Reproduce only the lines of the material below that start at the line containing "used 2019 Volkswagen" and stop at the line containing "Oceanaut Men's Escapade". Keep both end lines.

[Task inputs — start]

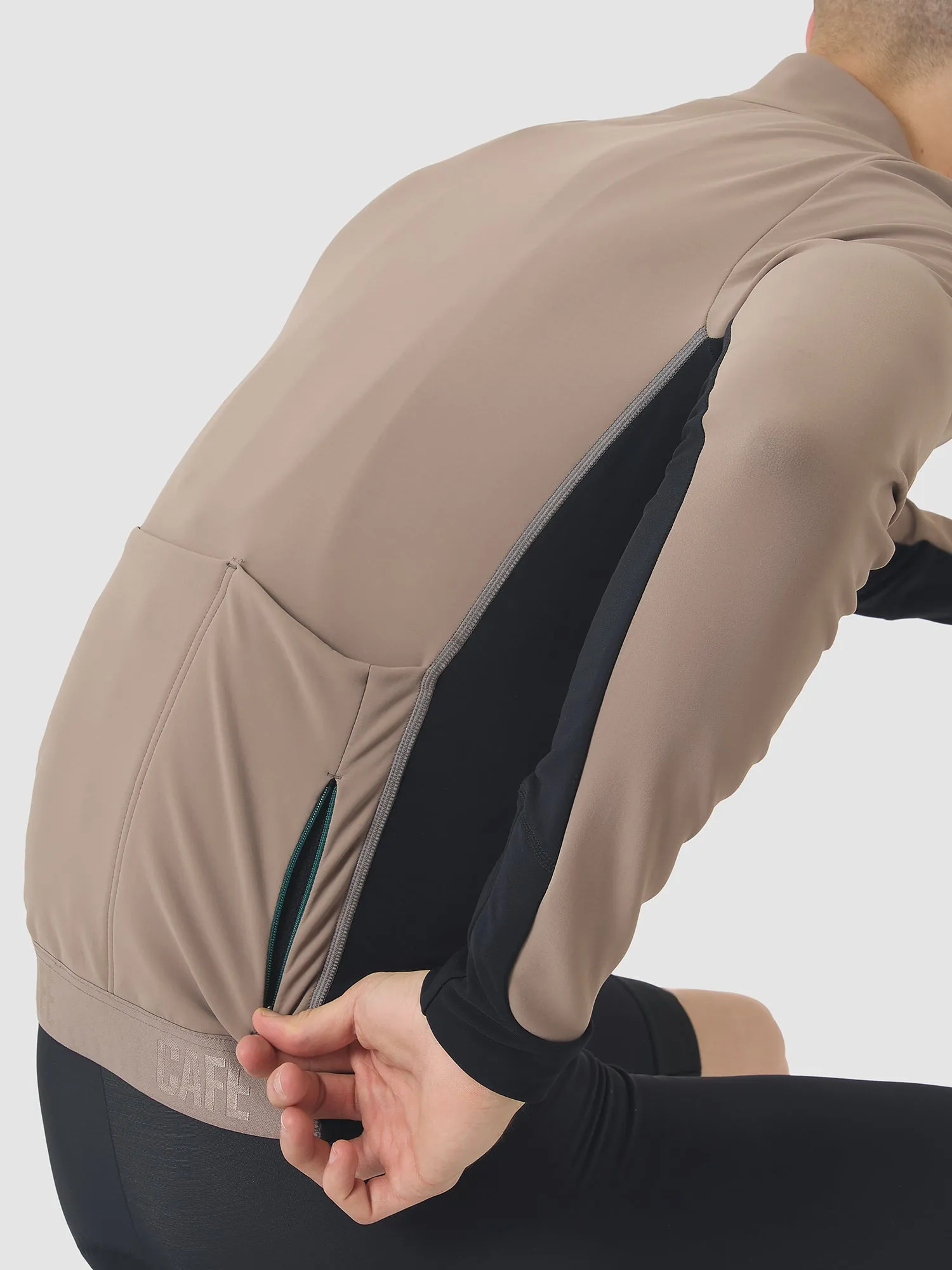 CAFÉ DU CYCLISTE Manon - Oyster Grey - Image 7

[Task inputs — finish]
[Task inputs — start]

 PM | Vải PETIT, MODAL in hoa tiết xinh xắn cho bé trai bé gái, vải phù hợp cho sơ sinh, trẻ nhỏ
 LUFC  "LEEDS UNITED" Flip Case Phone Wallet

[Task inputs — finish]
[Task inputs — start]

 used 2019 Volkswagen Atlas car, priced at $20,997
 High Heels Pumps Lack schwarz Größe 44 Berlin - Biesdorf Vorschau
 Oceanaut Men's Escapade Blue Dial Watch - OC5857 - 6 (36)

[Task inputs — finish]

#### Answer for this exercise
 used 2019 Volkswagen Atlas car, priced at $20,997
 High Heels Pumps Lack schwarz Größe 44 Berlin - Biesdorf Vorschau
 Oceanaut Men's Escapade Blue Dial Watch - OC5857 - 6 (36)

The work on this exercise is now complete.